A police force has been fined £150,000 for serial data breaches and a social care charity has been fined £70,000, having committed a breach of sufficient gravity to become the first charity to incur a data protection fine.

The police force was fined after it was discovered that it was common practice for officers to use unencrypted memory sticks to store personal data. The practice came to the attention of the Information Commissioner's Office (ICO) when an unencrypted memory stick containing sensitive personal data was stolen from an officer's home. The memory stick contained the details of over 1000 people linked to serious crime.

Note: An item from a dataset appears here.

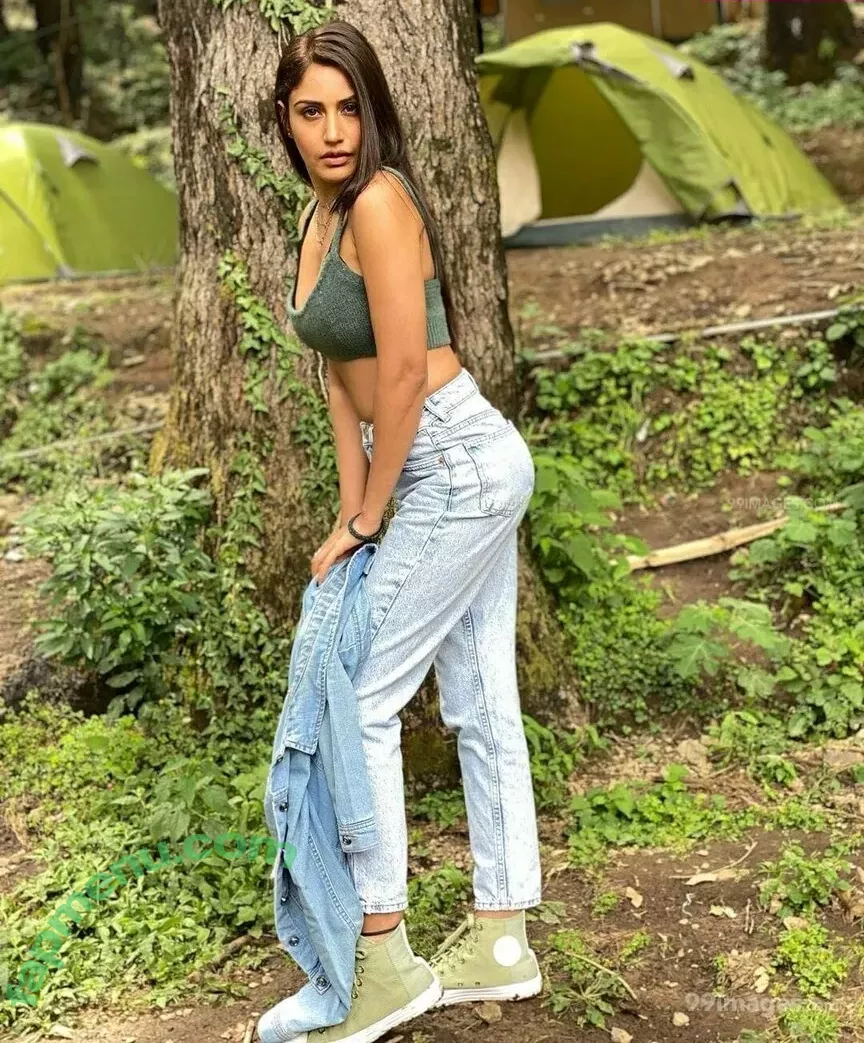 Surbhi Chandna nude photo #0163 (officialsurbhic)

The ICO noted that the force had not restricted the downloading of information and staff had not received adequate training, despite a previous similar breach. The ICO Director of Data Protection stated "(T)his is a substantial monetary penalty, reflecting the significant failings the force demonstrated. We hope it will discourage others from making the same data protection mistakes". The force received an early payment discount of £30,000, reducing the monetary penalty to £120,000.

The social care charity was fined for a serious breach of the Data Protection Act, after a social worker left highly sensitive information about the care of four young children outside a London home. The reports included details of neglect and abuse suffered by the children. Upon investigating the matter, the ICO discovered that the social worker had received no data protection training.

In issuing the fine, the ICO highlighted that the incident had been “entirely avoidable”. It noted that the fine should be a warning to all charities of the importance of fulfilling their obligations under the Data Protection Act. Head of Enforcement at the ICO commented "(W)e do not want to be issuing monetary penalties to charities, but in this case the seriousness of the breach left us with little choice."

These recent fines reiterate the ICO's tough stance on fines, taking into account the frequency and seriousness of the breach.